### TASK
Which lines run from the one with "Printed Cotton-Blend Casual" through the end of the data? Retype them exactly, without pictures.

### PROVIDED INFORMATION
═══
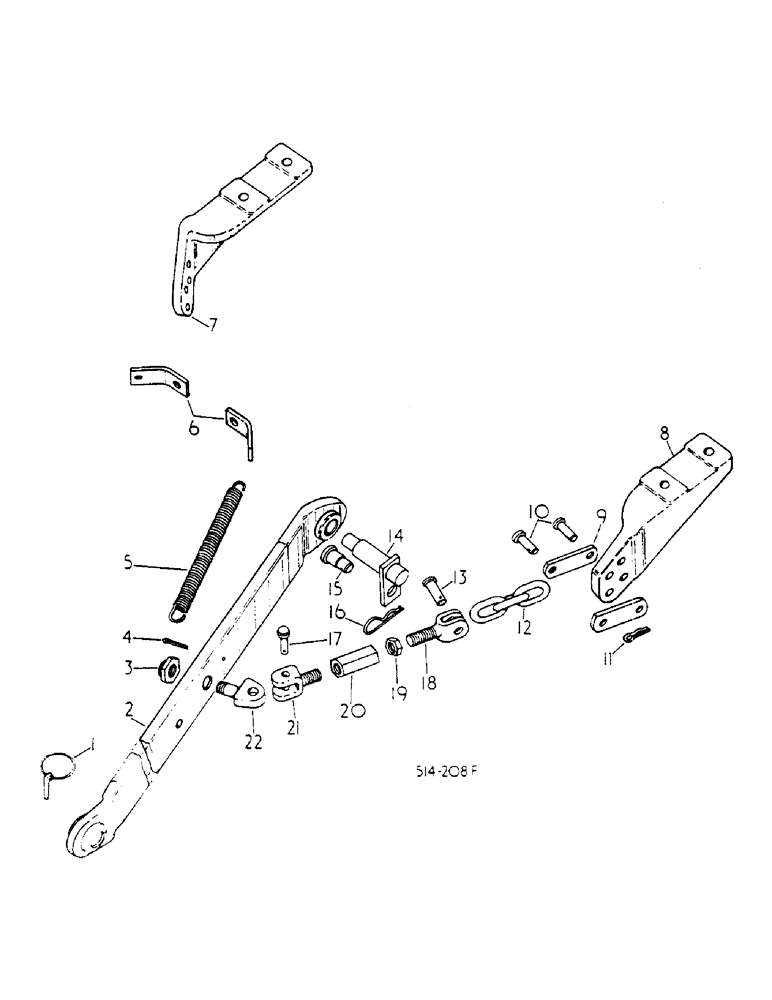 Схема запчастей Case IH 585 - (09-007) - LOWER LINKS, THREE-POINT HITCH, WITH OUTSIDE CHECK CHAINS (12) - FRAME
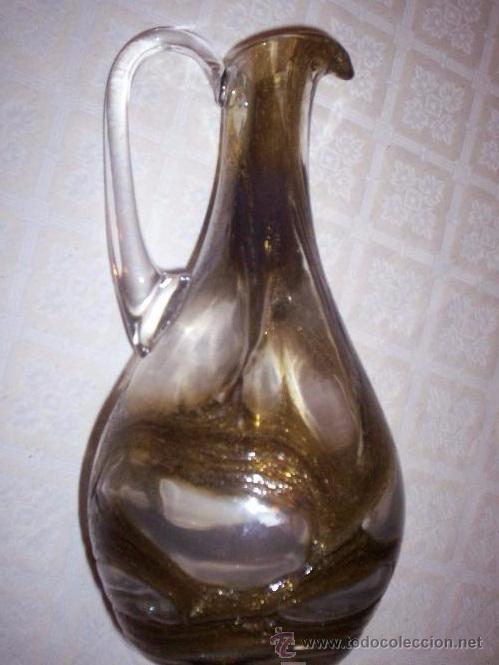 Antig&uuml;edades: Antigua jarra de cristal - Foto 5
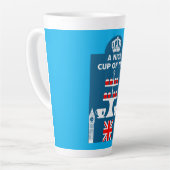 Klassieke Britse thea Drinkers Latte Mok (Linkerhoek)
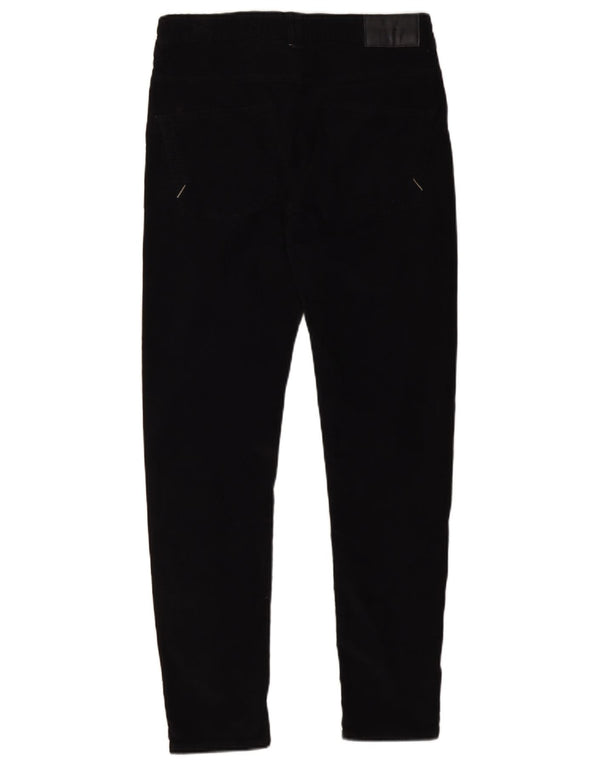 Calça masculina skinny de veludo Zara EU 38 pequena W30 L30 algodão preto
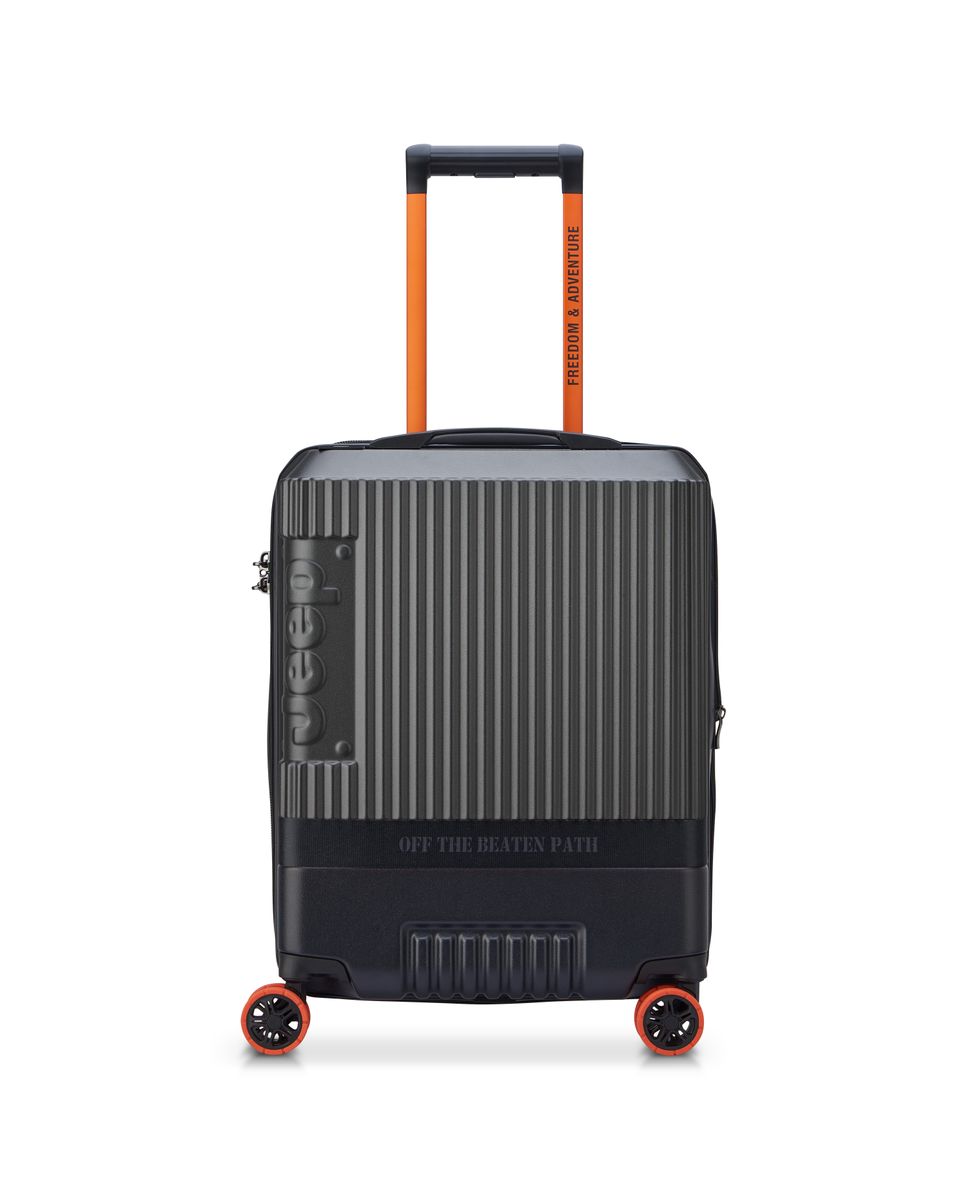 Imagen 0 de Maleta de cabina expandible jeep x delsey paris jh001a rígida con capacidad de 37 l Antracita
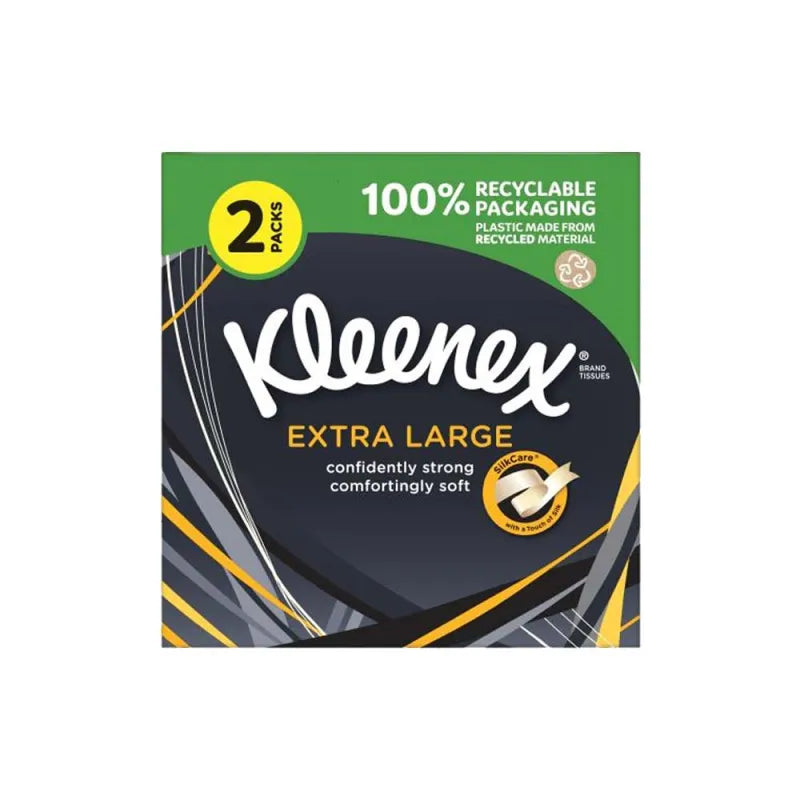 Kleenex Compact Mansize Tissues Twin Pack (Pack of 12)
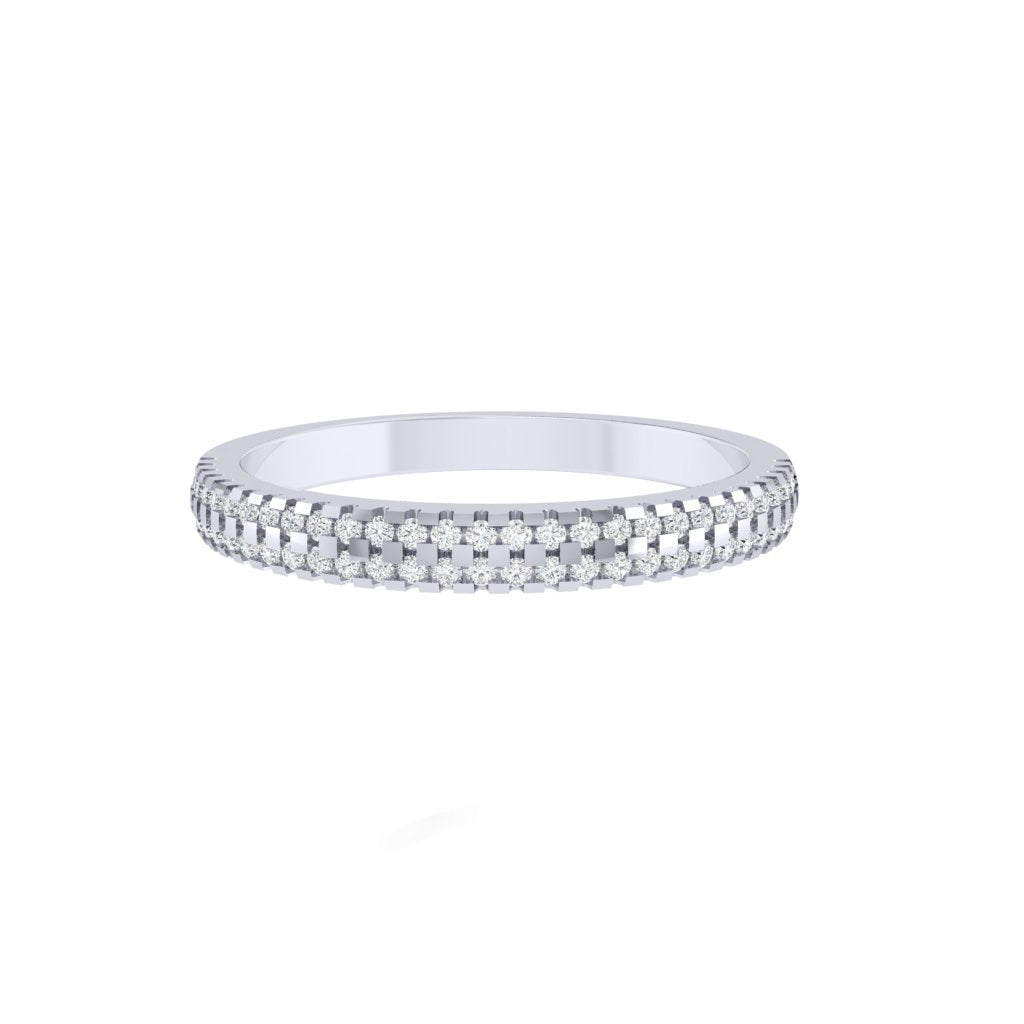 Diamtrendz white gold real diamond band ring 1818_2
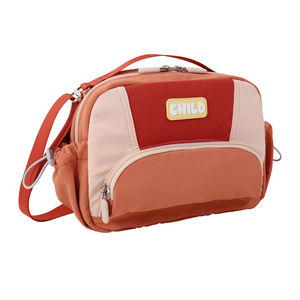 Bolsa de Viaje Informal Naranja Roja de Gran Capacidad con Cierre de Cremallera, para Uso en Todas las Estaciones, de Nailon, Simple y Moderna, Tipo Bandolera - Product Image 1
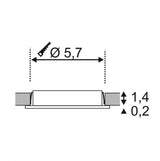 Downlight DL 126 LED rund Metall-Gebürstet 2,8W Warmweiß 12V
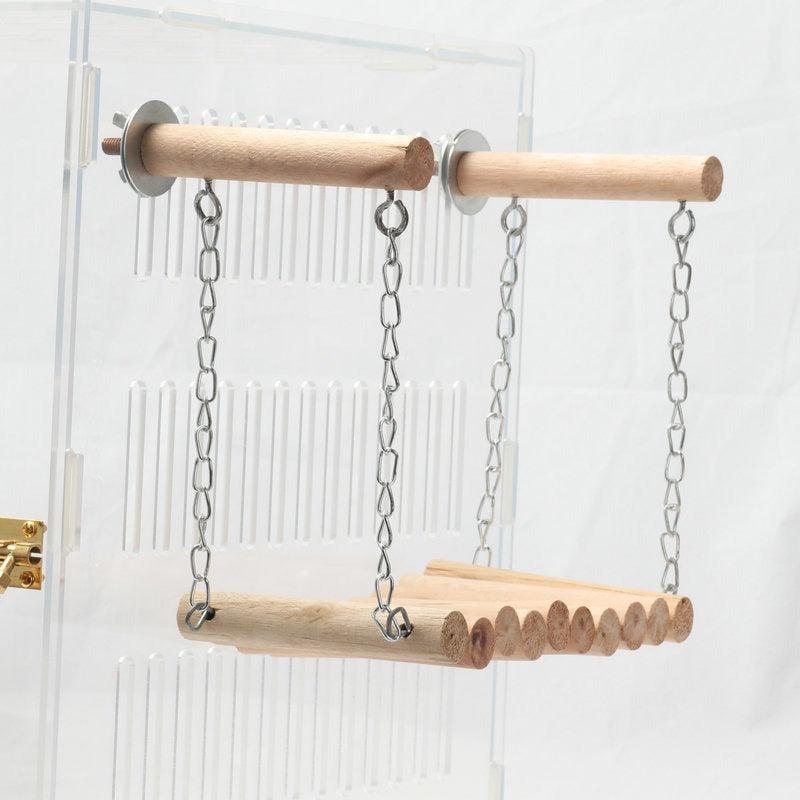 Wooden Swing Toy for Pet Bird Cage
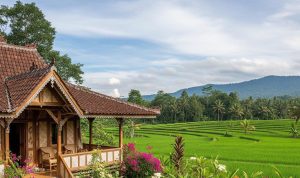 Rumah Pedesaan dengan Jendela Jalusi untuk Sirkulasi Udara Optimal
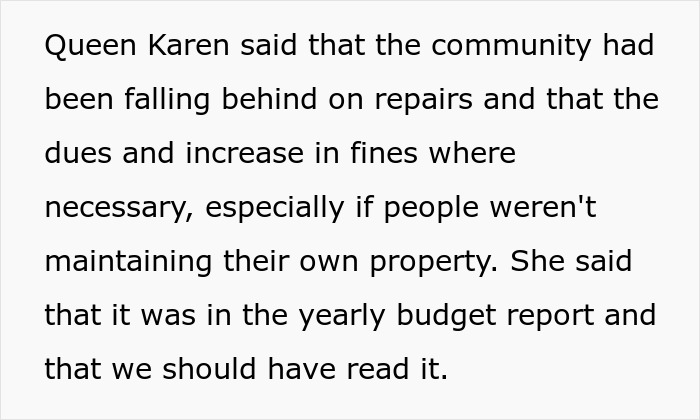 HOA “Queen Karen” Fines Everyone Over Minor Rules, Residents Discover Where Their Extra Dues Went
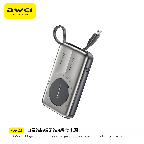 AWEI POWERBANK WIRELESS CON CAVI 10000MAH NERO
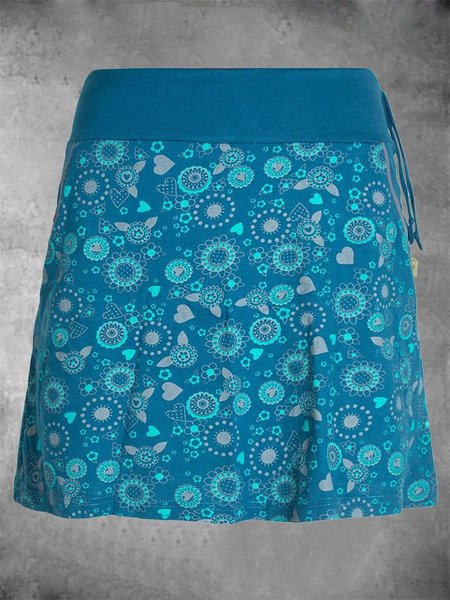 

Printed Cotton-Blend Casual Skirts, Blue, Auto-Clearance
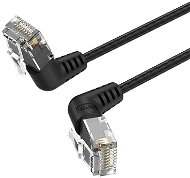Vention Cat6A UTP Rotate Right Angle Ethernet Patch Cable 1M Black Slim Type - Síťový kabel
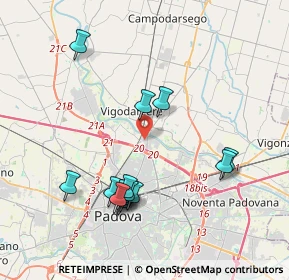 Mappa Via Perugino, 35133 Padova PD, Italia (3.95857)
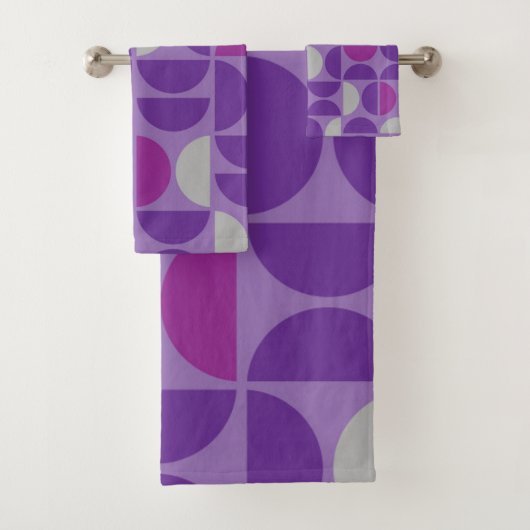 ミッドセンチュリー地方タイル バスタオルセット (インサイチュ)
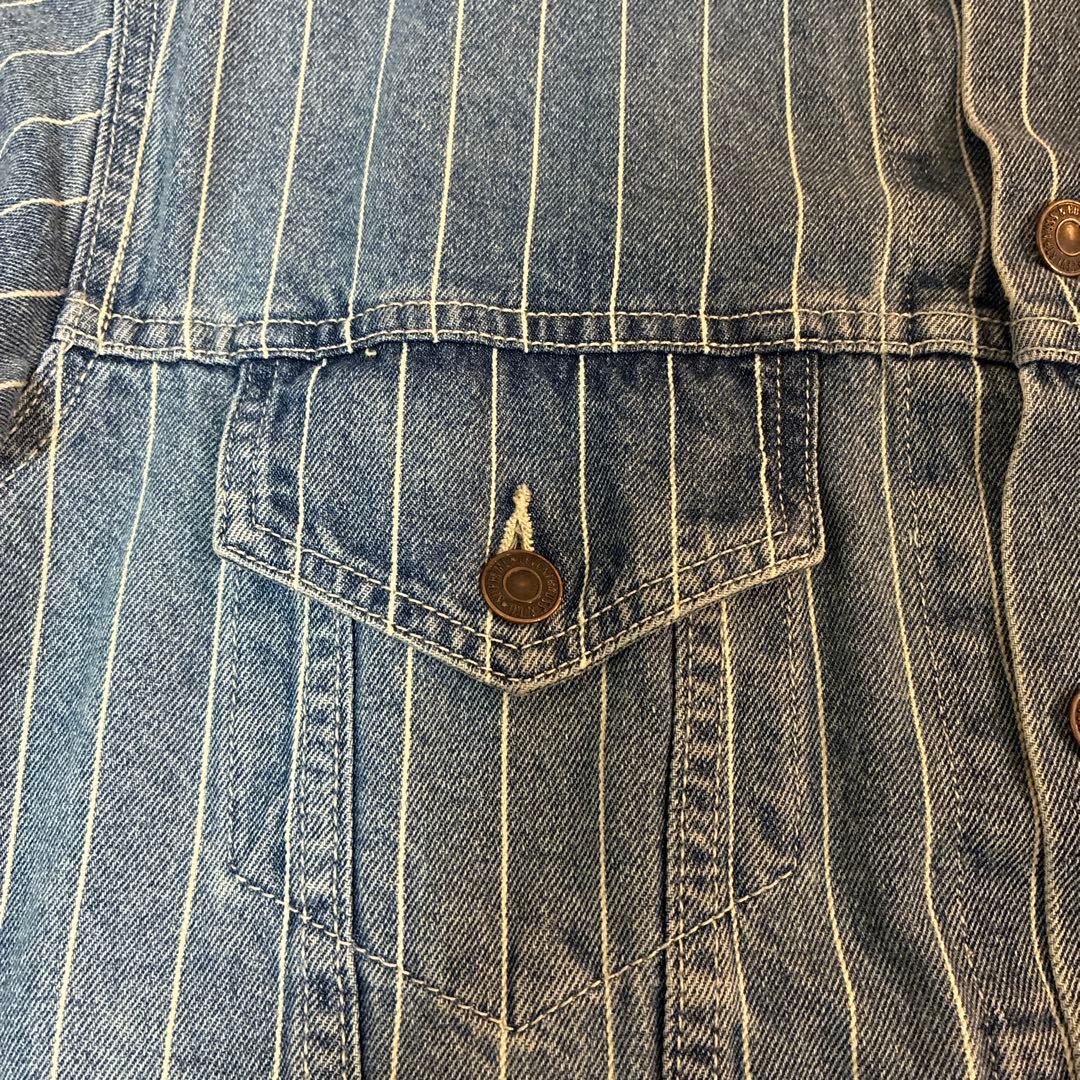 常田着 Levi's × Supreme ピンストライプ デニムジャケット
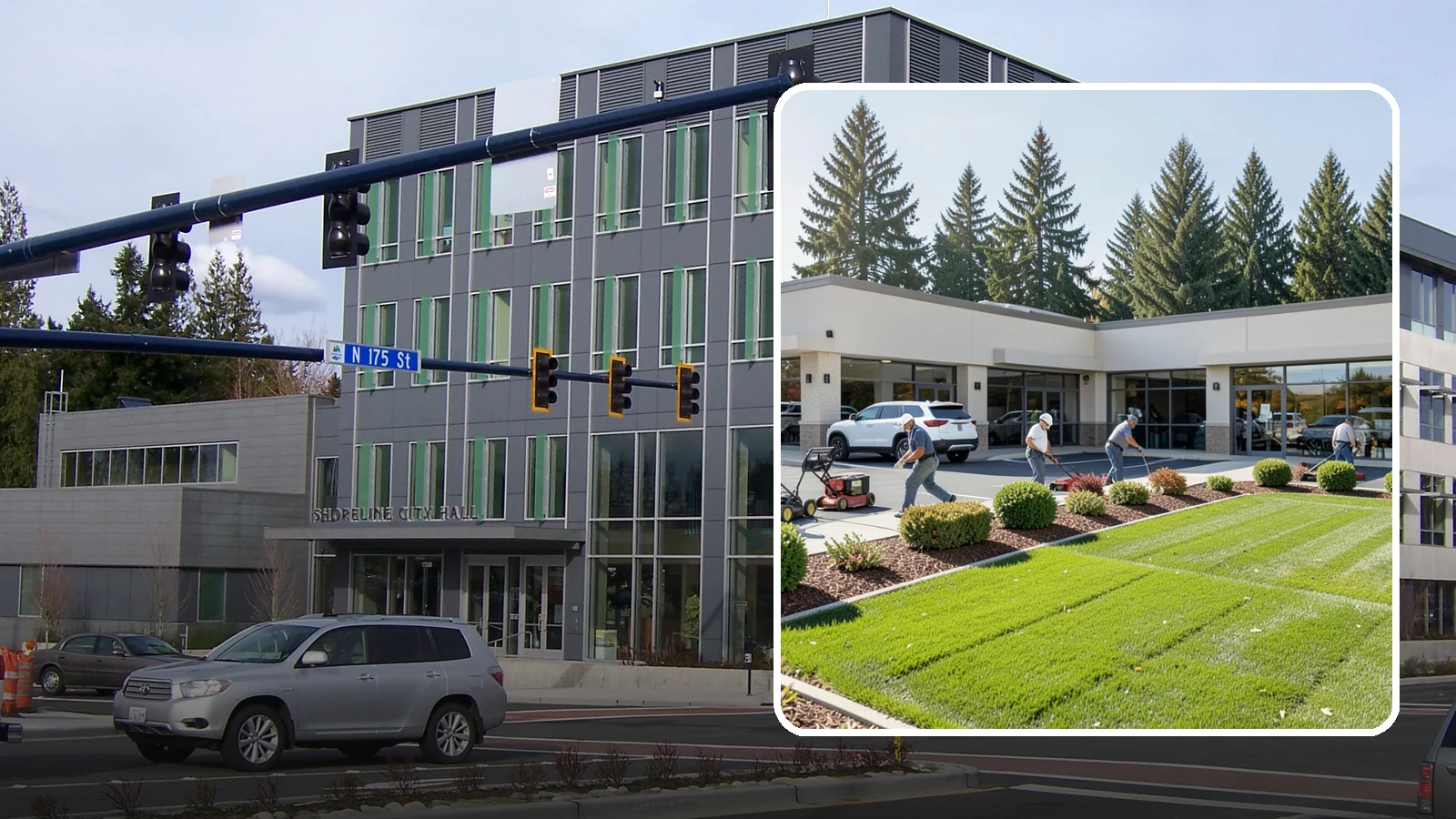 Retail Landscape Maintenance in Shoreline, King County, WA - Storefront and shopping-center grounds care that keeps retail properties inviting, clean, and traffic-ready for shoppers.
═══
### RESPONSE BELOW
Printed Cotton-Blend Casual Skirts, Blue, Auto-Clearance
Vention Cat6A UTP Rotate Right Angle Ethernet Patch Cable 1M Black Slim Type - Síťový kabel
 Mappa Via Perugino, 35133 Padova PD, Italia (3.95857)
 ミッドセンチュリー地方タイル バスタオルセット (インサイチュ)
 常田着 Levi's × Supreme ピンストライプ デニムジャケット
 Retail Landscape Maintenance in Shoreline, King County, WA - Storefront and shopping-center grounds care that keeps retail properties inviting, clean, and traffic-ready for shoppers.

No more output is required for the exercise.